District information
- Type: Independent school district
- Grades: Pre-K through 12
- Superintendent: Daryl Stuard, Sr.
- Schools: 1
- NCES District ID: 4812540

Students and staff
- Students: 147 (2023–2024)
- Teachers: 18.00 (on an FTE basis) (2023–2024)
- Staff: 21.90 (on an FTE basis) (2023–2024)
- Student–teacher ratio: 8.17 (2023–2024)
- Athletic conference: UIL Class 2A Football Division II
- District mascot: Tigers
- Colors: Red, White

Other information
- TEA District Accountability Rating for 2011–12: Recognized
- Website: www.bremondisd.net

= Bremond Independent School District =

School district in Texas, United States

Bremond Independent School District is a public school district based in Bremond, Texas (USA). The district operates one high school, Bremond High School.

==Finances==
As of the 2010–2011 school year, the appraised valuation of property in the district was $403,424,000. The maintenance tax rate was $0.104 and the bond tax rate was $0.025 per $100 of appraised valuation.

==Academic achievement==
In 2011, the school district was rated "recognized" by the Texas Education Agency. Thirty-five percent of districts in Texas in 2011 received the same rating. No state accountability ratings will be given to districts in 2012. A school district in Texas can receive one of four possible rankings from the Texas Education Agency: Exemplary (the highest possible ranking), Recognized, Academically Acceptable, and Academically Unacceptable (the lowest possible ranking).

Bremond High School, the district's secondary campus, received an accountability rating of "A" from the Texas Education Agency.
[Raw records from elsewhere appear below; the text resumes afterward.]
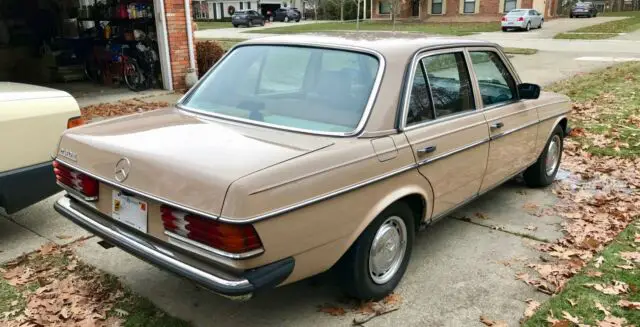 mercedes benz 230e 1983 model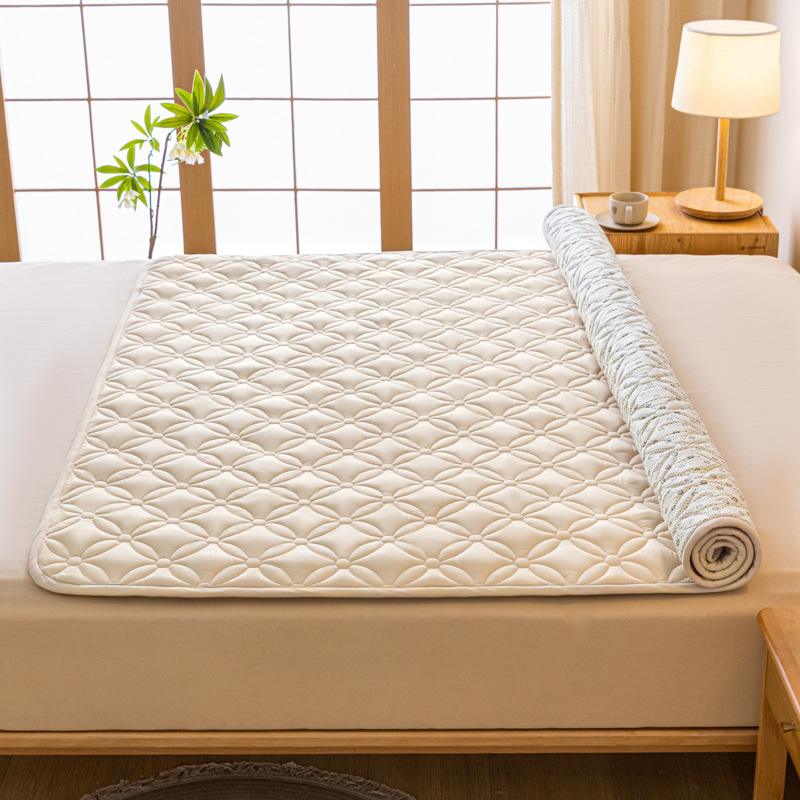 Class a Maternal and Infant Grade Soybean Quilted Mattress, All-Season Model, Original Cotton Thin Soft Pad, Non-Slip Mattress for Home and Dormitory Use~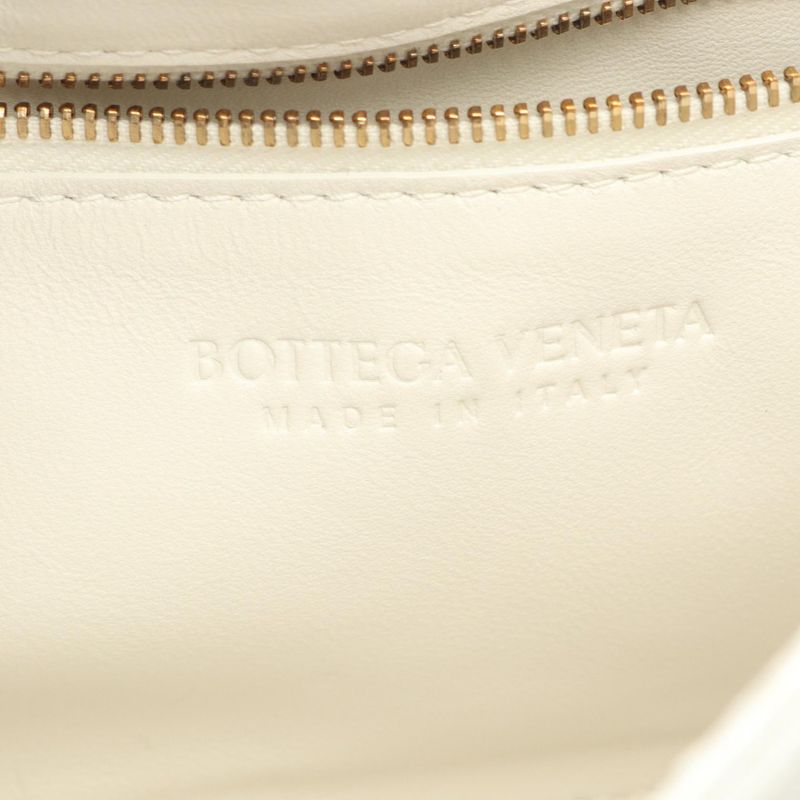 Bottega Veneta Shoulder Bag Cassette Crossbody Maxi Intrecciato 578004 White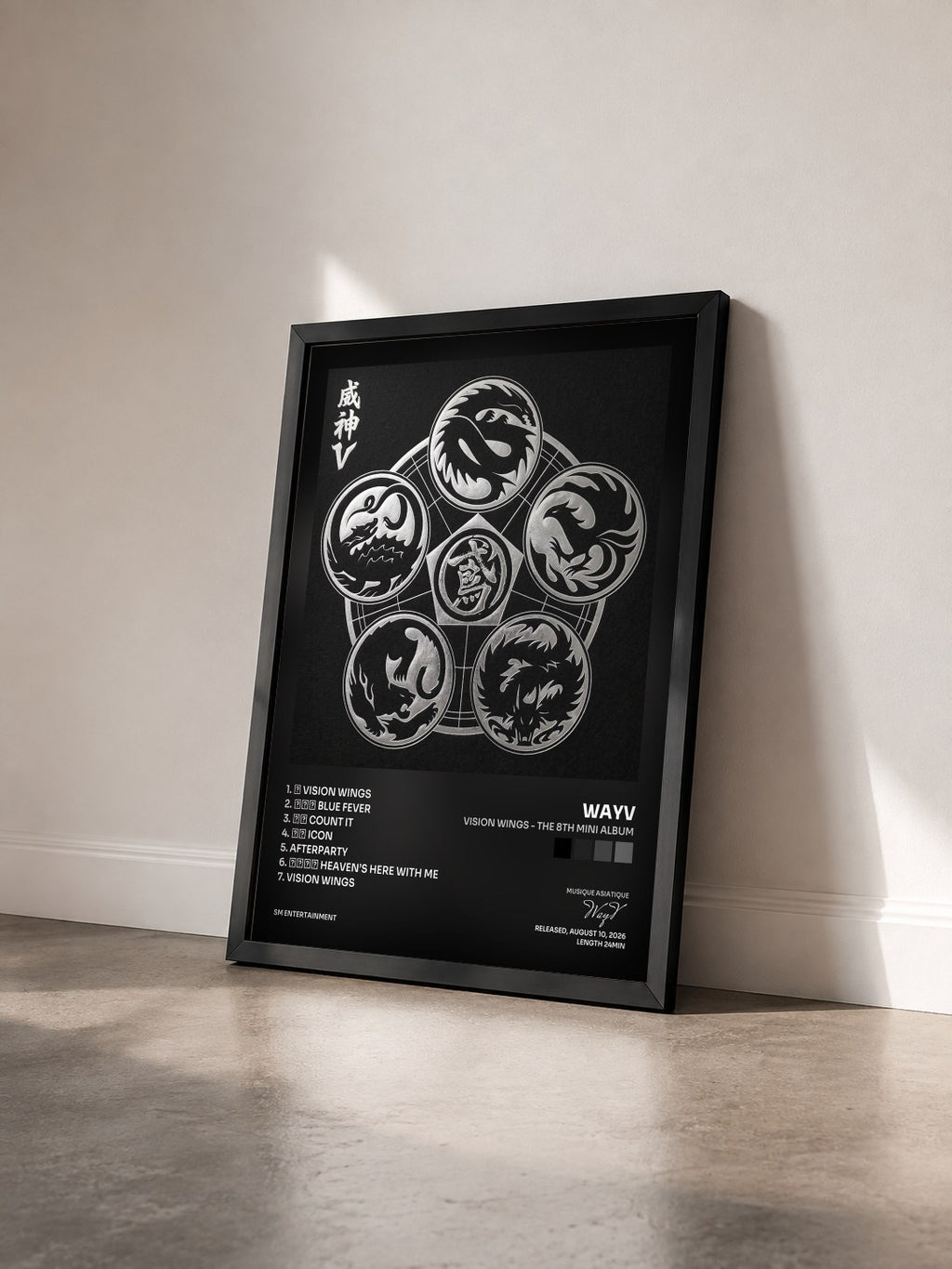 #noir Tableau de l'album Vision Wings - The 8th Mini Album de WayV vu de trois quarts, cadre noir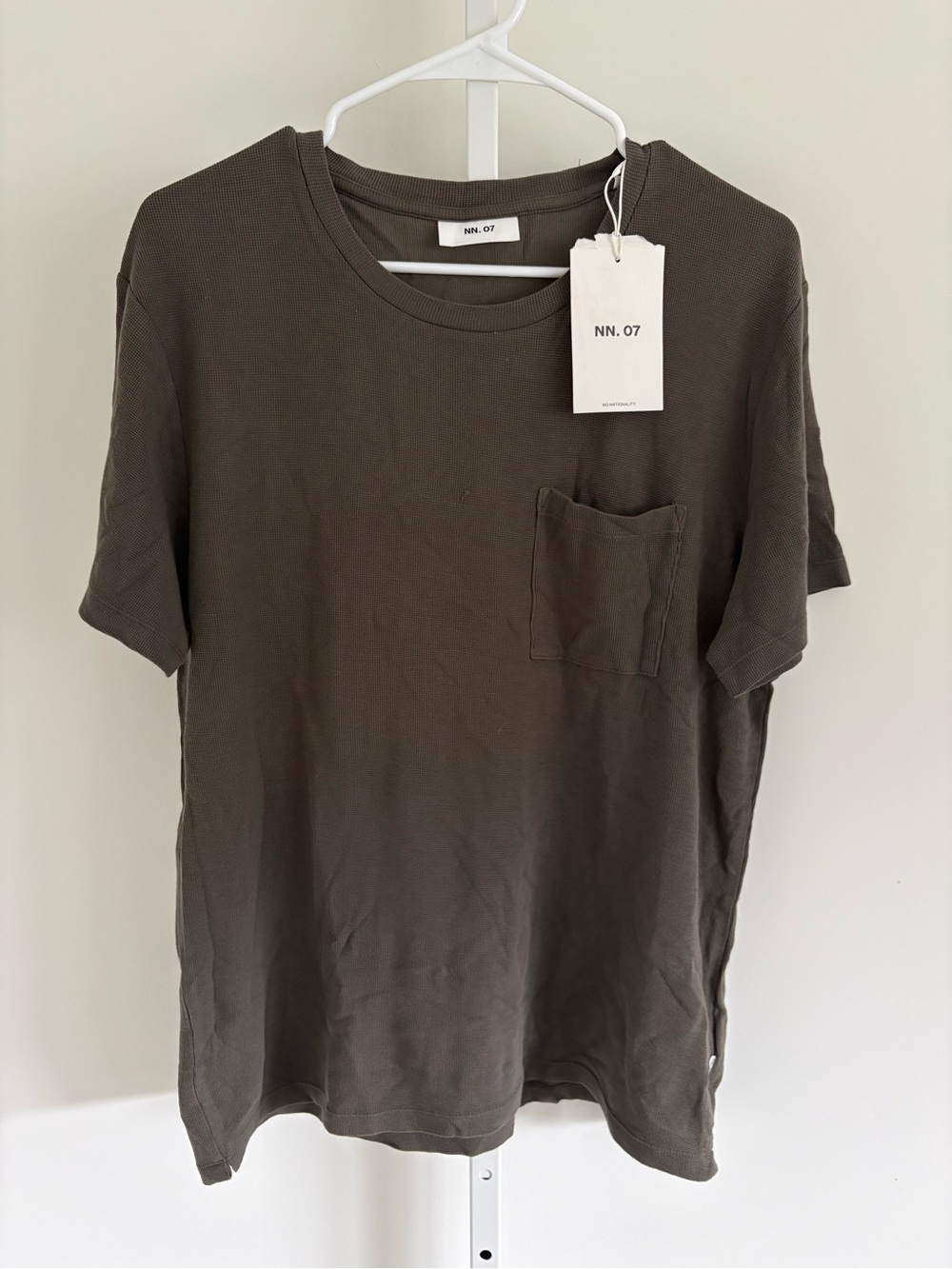NN.07 Clive Tee 3323 Waffle Knit Pocket T Shirt Men’s Medium NWT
Historical district TEA accountability ratings
- 2011: Recognized
- 2010: Recognized
- 2009: Recognized
- 2008: Academically Acceptable
- 2007: Academically Acceptable
- 2006: Academically Acceptable
- 2005: Recognized
- 2004: Recognized

==Schools==
In the 2011–2012 school year, the district operated three schools.
- Bremond High School (Grades 9–12)
- Bremond Middle School (Grades 6–8)
- Bremond Elementary School (Grades PK–5)

==Athletics ==

Bremond High School participates in the boys' sports of baseball, basketball, football, and track, and the girls' sports of basketball, softball, volleyball, and track. For the 2016 through 2018 school years, Bremond High School played football in UIL Class 2A Division II. During the 2014 football season, the Bremond football team won the 2A Division II state championship with a record of 15–0, defeating Albany in the title game. In 2015 the Tigers beat Albany again, to finish the season undefeated 16–0. In 2016 the Tigers again finished 16-0 and won their third straight state title, this time over Iraan, compiling a 47–0 record over three seasons. Quarterback Roshauud Paul went on to play wide receiver for Texas A&M and Arkansas State.

In the 2024 football season, Bremond advanced to the UIL Class 2A Division II state semifinals, finishing with a 12–3 record.